Witnesses said a yellow boat was traveling extremely fast, “screaming down the lake” in the wrong direction before striking another boat, launching itself 10 feet in the air and killing a Lake of the Pines mother and child in the other boat.
That was some of the testimony Tuesday in Yuba County Superior Court, where prosecutors argued Jeffrey Joel Sandow, 55, of Auburn, murdered Cynthia Peterlin, 42, and Sophie Peterlin, 12, when he drove his speedboat while drunk on Englebright Lake on Sept. 15, 2012.
Sandow had a blood alcohol level of .18 four hours after the collision. The legal limit is .08.
Judge Benjamin Wirtschafter ordered Sandow to stand trial on two counts of second-degree murder with enhancements for causing great bodily injury to Paul Peterlin, 42.
In addition, Sandow is charged with two counts of operating a vessel with gross negligence, and one count of operating a vehicle while under the influence, causing great bodily injury.
If convicted, the minimum sentence possible for just counts one and two is 36 years in prison.
He could be sentenced to two terms of life in prison.
Sandow is scheduled to be arraigned March 17. He is also facing a civil suit by the Peterlin family.
On Tuesday, an investigator testified that one witness, who was riding in another boat with his brother, saw the yellow boat approaching them at high speed.
“It appeared to him that the boat was playing chicken with him,” said Stephanie Johnson, investigator with the District Attorney’s Office.
She said when their boat attempted to turn right and then left to avoid a collision with Sandow, Sandow’s yellow boat would mirror their movement.

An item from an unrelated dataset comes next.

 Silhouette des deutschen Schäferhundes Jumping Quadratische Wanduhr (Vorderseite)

Deputy Detective Mark Claar testified that a woman on a party barge on the lake told him that the yellow boat passed them in an unsafe manner, “very fast and very close.”
Deputy District Attorney Michele Cook said the witness accounts “demonstrates a conscious disregard for human life.”

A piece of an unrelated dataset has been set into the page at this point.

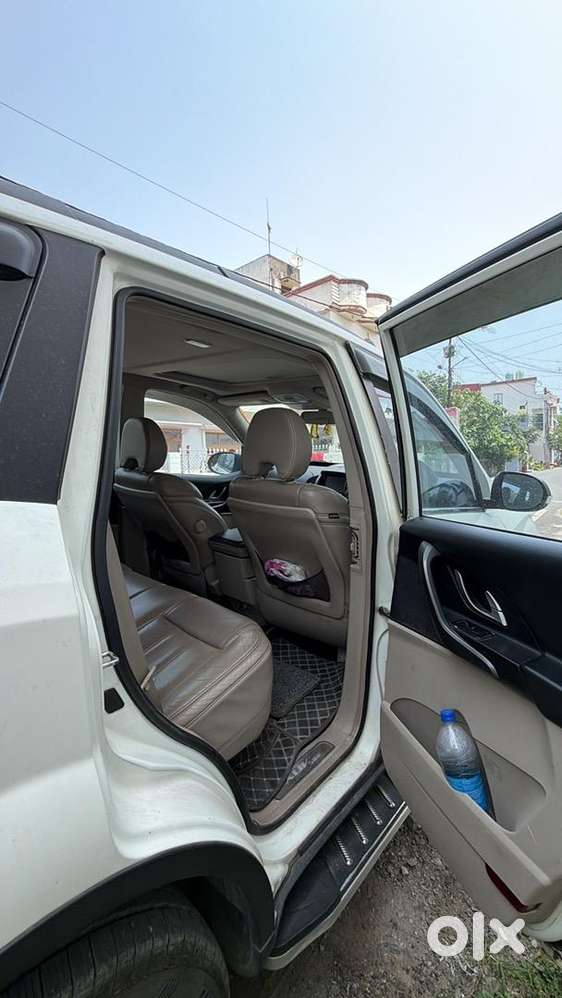 Mahindra Xuv W10 2015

Defense attorney Rick Worrell argued that Sandow, while drunk, “wasn’t acting in conscious disregard for the safety of others,” and should be charged with vehicular manslaughter, not second-degree murder.
The minimum sentence for one count of vehicular manslaughter is 11 years.
Worrell said Sandow “was enjoying a family outing (before the) tragic accident, adding, “Those consequences … were the result of his mistaken belief that he can operate his vehicle safely.”
Wirtschafter said simply driving intoxicated may not give rise to murder.
But there was sufficient evidence for malice aforethought, he ruled, because while in the hospital, Paul Peterlin “spoke of taking evasive action on two cases to avoid interaction with this defendant.”